On platelets, a modest amount of Bi-1, Bi-2, and Bi-8 binding was detected at concentrations of 100 nM and higher, as shown in
CD47×EpCAM bispecific antibodies may also mediate their therapeutic effects by antibody-dependent cellular cytotoxicity (ADCC). ADCC activity was measured using cancer cell lines with various CD47 and EpCAM expression levels, as shown in Table 14. Bi-1, Bi-2, and Bi-8 had ADCC activity in all CD47+ EpCAM+ cell lines tested. Bi-8, which has the highest EpCAM affinity, had the highest ADCC activity. The parental anti-CD47 antibody VIR47.V8 had less ADCC than Bi-8 in all cell lines, and had less ADCC activity than Bi-2, with medium EpCAM affinity, in all cell lines except SKOV-3 ovarian cancer cells, which have relatively higher CD47 expression and lower EpCAM expression.

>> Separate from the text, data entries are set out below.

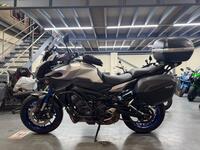 YAMAHA Tracer 900
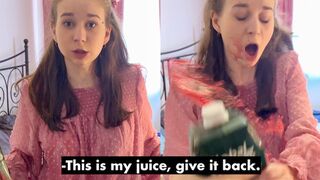 Váratlan vágyaim a pucér mostoha hugom iránt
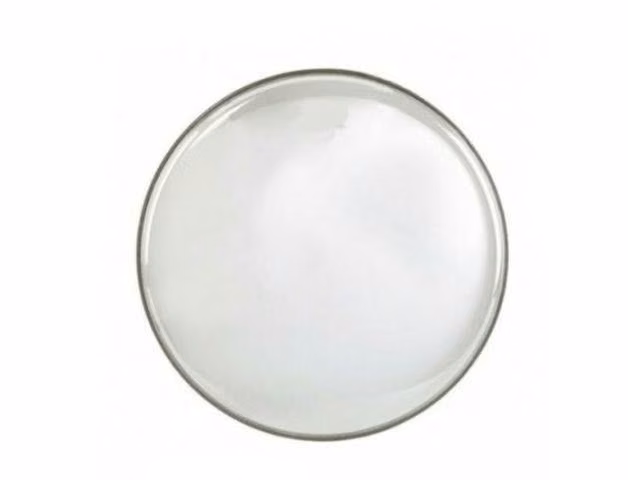 Parches bombo 22" doble capa aceitado. Entrega gra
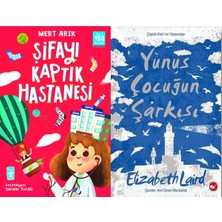 Timaş Çocuk Şifayı Kaptık Hastanesi (Mert Arık) ve Yunus Çocuğun Şarkısı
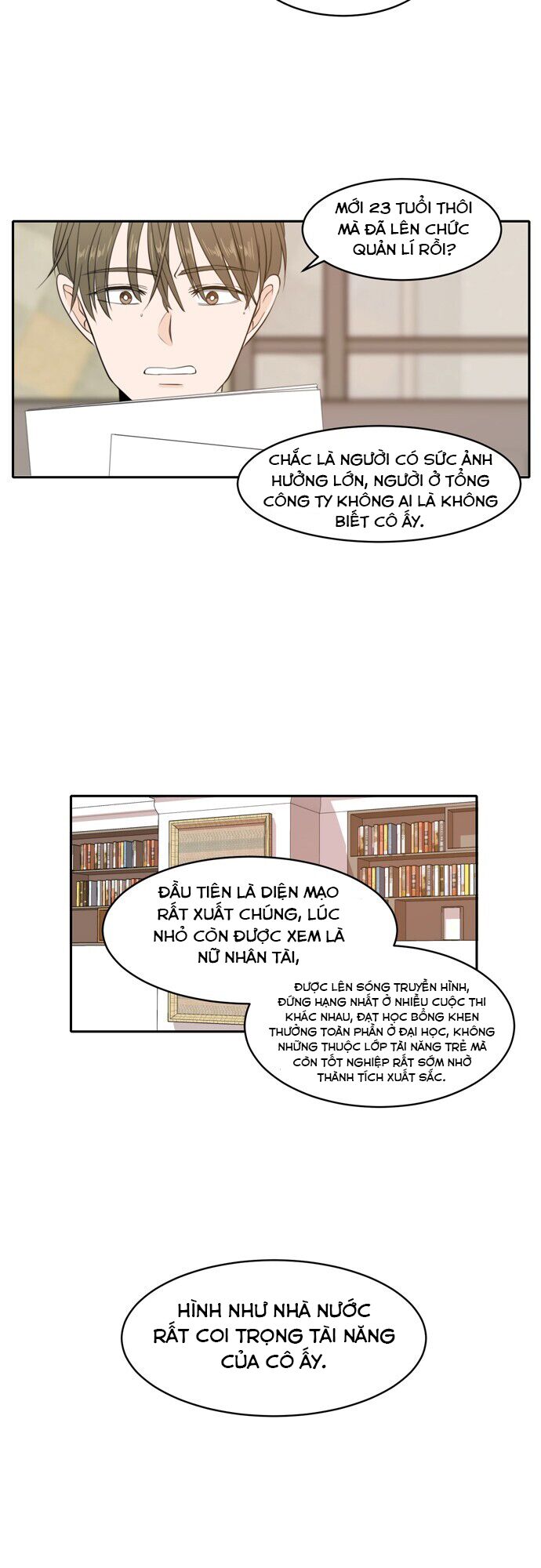 kiếp này cũng xin chăm sóc tôi như vậy nhé kiếp này cũng xin chăm sóc tôi như vậy nhé chapter 5 17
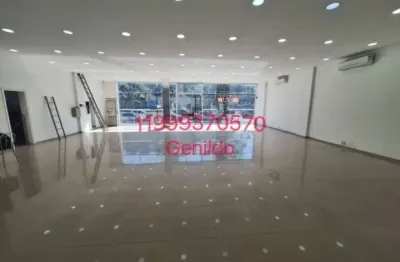 Prédio  galpão com 900m2 com 3 pisos 250m2 cada salão 30 vagas próximo do metro butanta  fl55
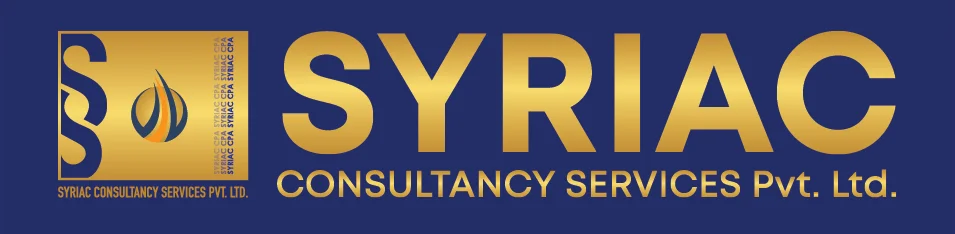 Syriac Consultancy Services Pvt. Ltd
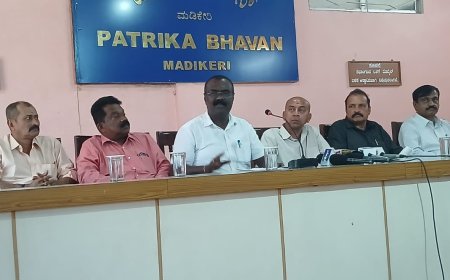 ಗುತ್ತಿಗೆದಾರರಿಗೆ ನೀಡಲು ರಾಜ್ಯ ಸರ್ಕಾರ ಬಾಕಿ ಉಳಿಸಿಕೊಂಡಿರುವ 37,೦೦೦ ಕೋಟಿ  ಬಿಲ್ ಪಾವತಿ ಮಾಡಲು ಆಗ್ರಹಿಸಿ ಮಾ. 6ರಂದು ಬೆಂಗಳೂರಿನಲ್ಲಿ ಪ್ರತಿಭಟನೆ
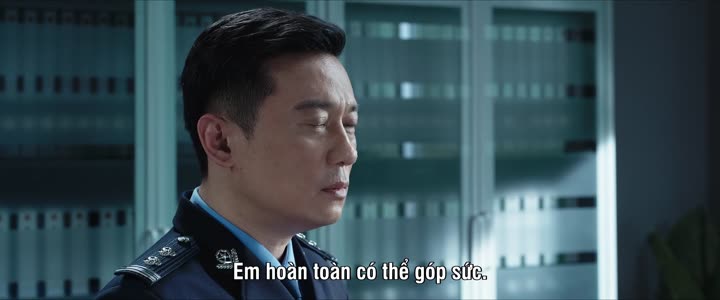 Hình ảnh tập 1 Rừng Thép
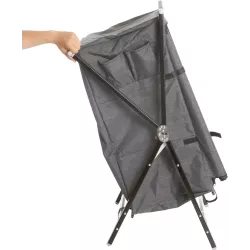 Brunner - Mobiletto Mercury Cross LS SQ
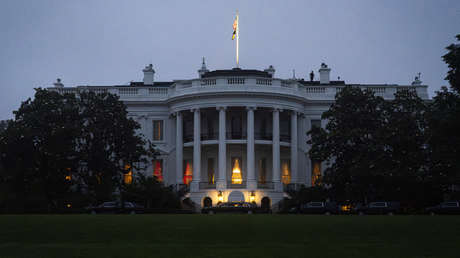 La Casa Blanca explota tras las acusaciones de que Trump decidió atacar a Irán bajo influencia de otros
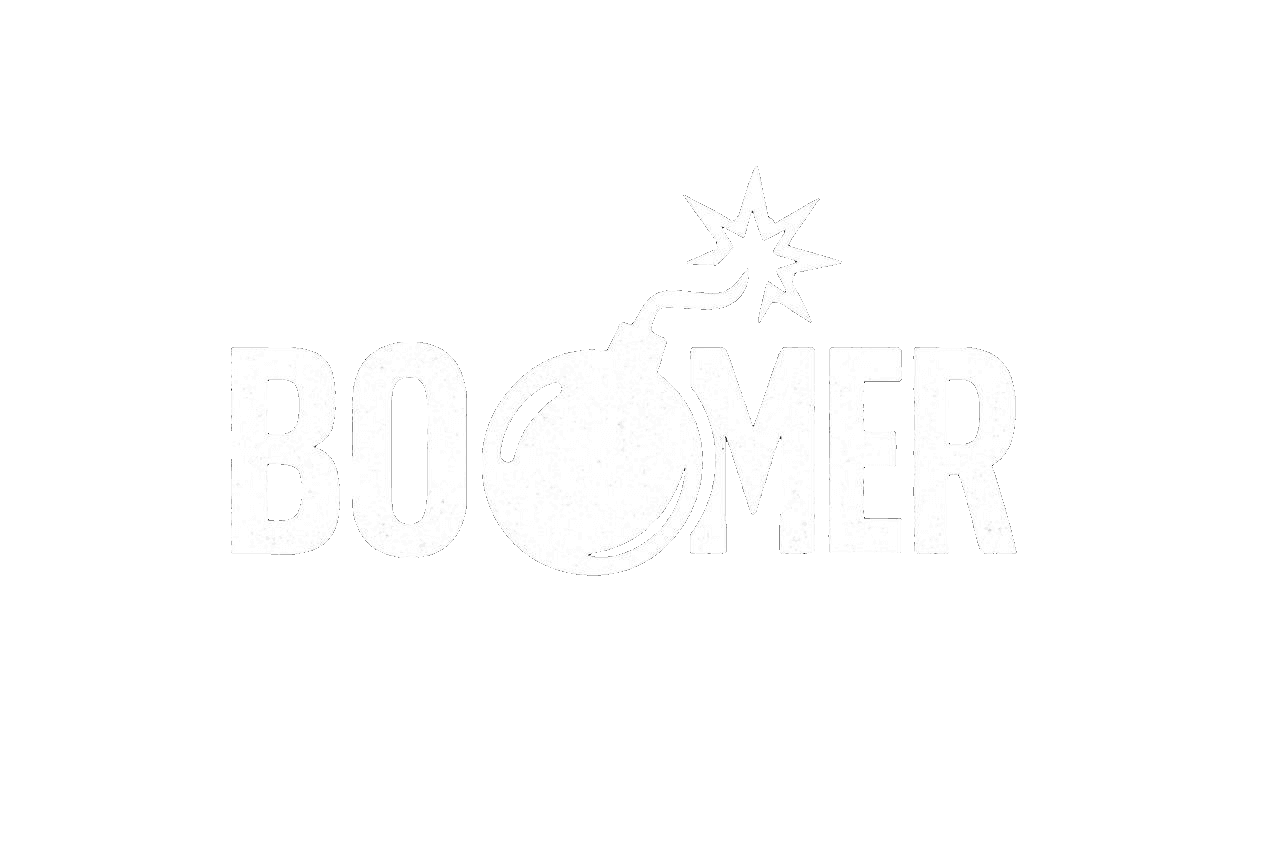 BOOMER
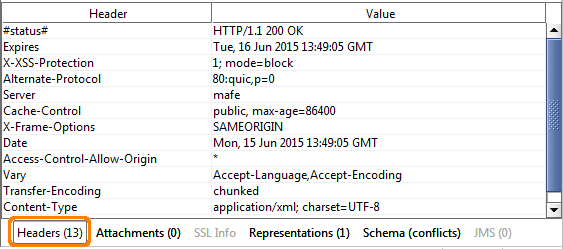 soapui 获取project custom properties soapui使用_UI_14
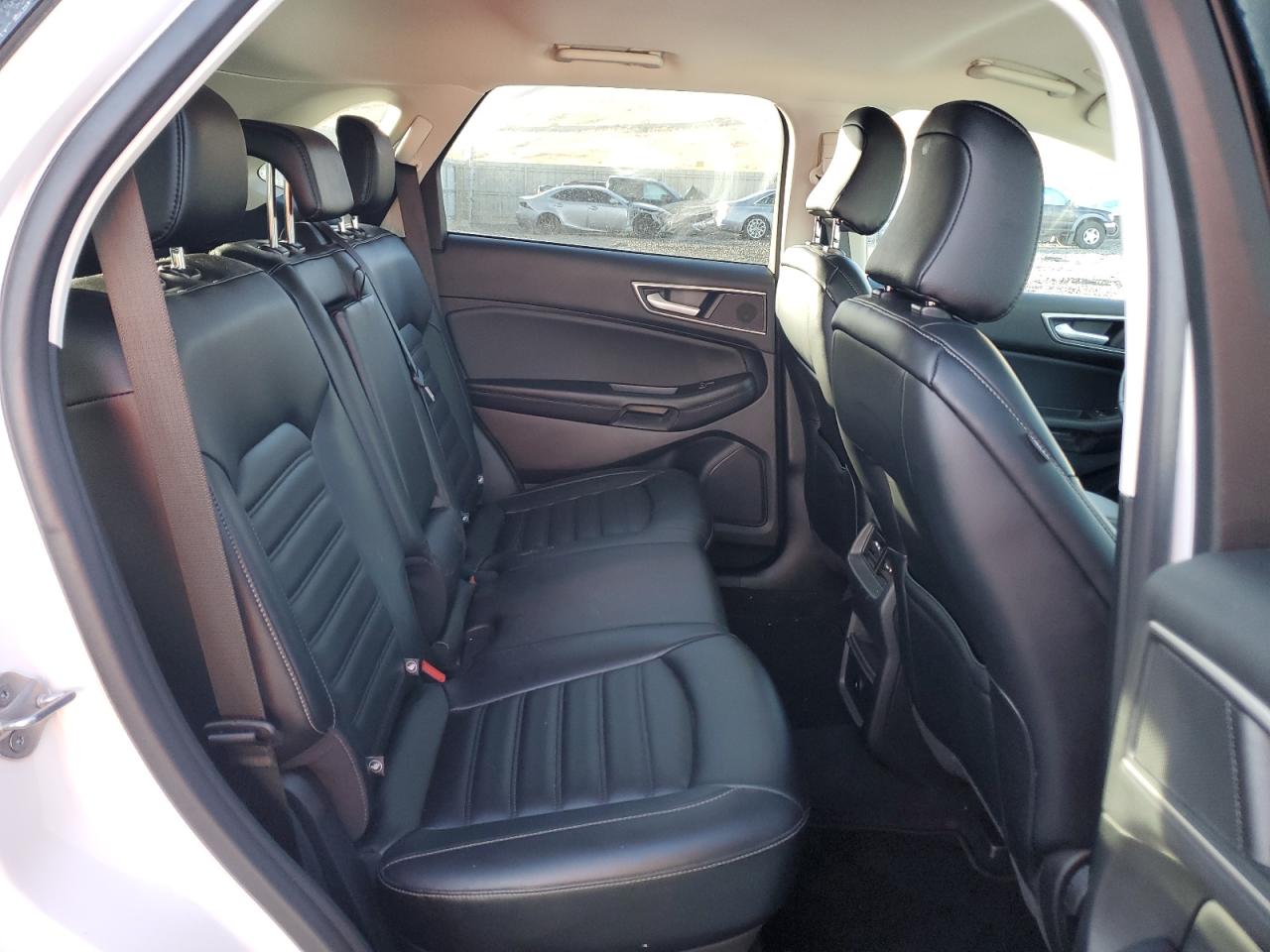 Photo 9 VIN: 2FMPK4J96PBA36776 - FORD EDGE 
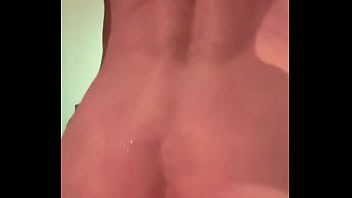Preview 4 of Billu Rap Movie Xxxxxxnnnn - Big b. Dildo in ass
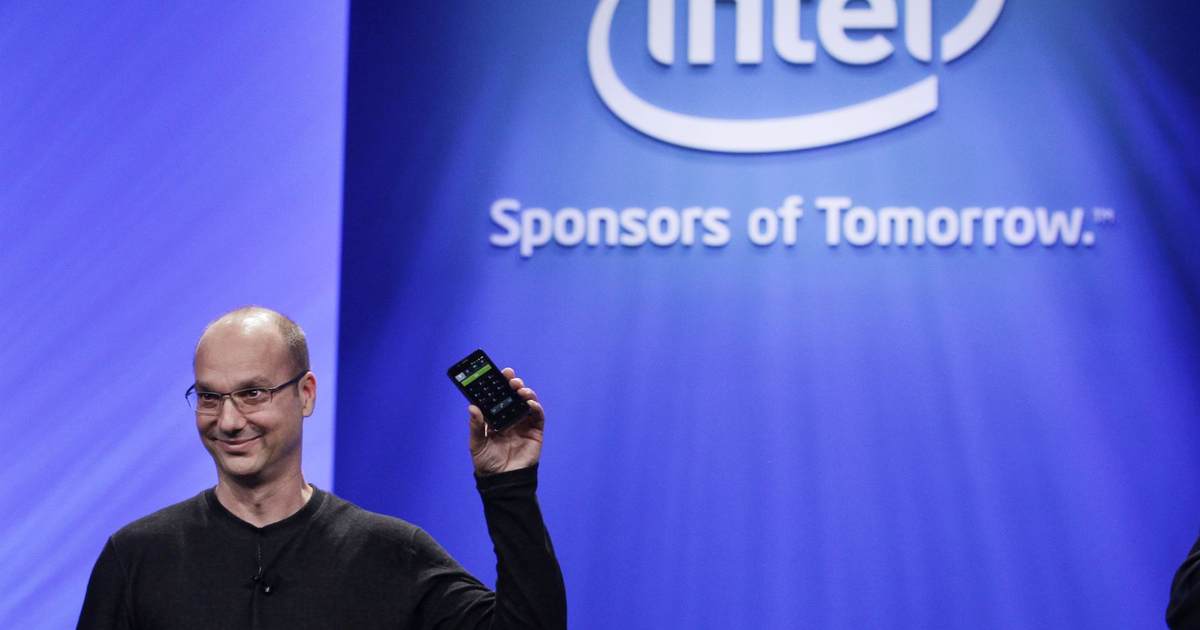 Intel's $20 Billion US Semiconductor Factory: A Good First of MANY Necessary Steps - Vimarsana News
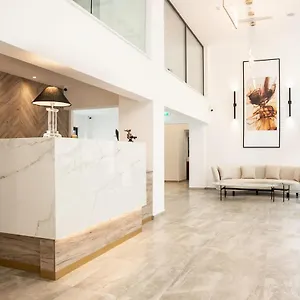 Ξενοδοχείο Roseum Boutique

Anti-CD47/EGFR bispecific antibodies with different binding stoichiometry and geometry were designed and generated using VH and VL sequences from the anti-CD47 antibody VIR47.V8 and anti-EGFR antibody Cetuximab sequences. The corresponding heavy chain (HC) and light chain (LC) DNAs were synthesized and cloned into the pRK5 mammalian expression vector (ATCC). Each HC and LC pair were then co-transfected in CHO cells. The conditioned medium was harvested by centrifugation (4° C., 4000 rpm for 40 min), then filtered to remove cell debris. The clarified medium was loaded onto MabSelect SuRe column (GE, 17-5438) which was pre-equilibrated with Buffer A (25 mM Tris, 150 mM NaCl, pH 8.0). The column was washed sequentially with 5 column volume of Buffer A, then 30 column volume of Buffer B (Buffer A+0.1% Triton X100+0.1% Triton X114), then 15 column volume of Buffer A. The antibodies were eluted with Buffer C (100 mM sodium citrate, 150 mM NaCl, pH 3.0) and neutralized immediately with Buffer D (200 mM Arginine, 137 mM Succinic acid, pH 5.0). The final product was dialyzed against the buffer PBS, pH 7.4, concentrated and filtrated through MILLEX-MP 0.22 um (MILLIPORE).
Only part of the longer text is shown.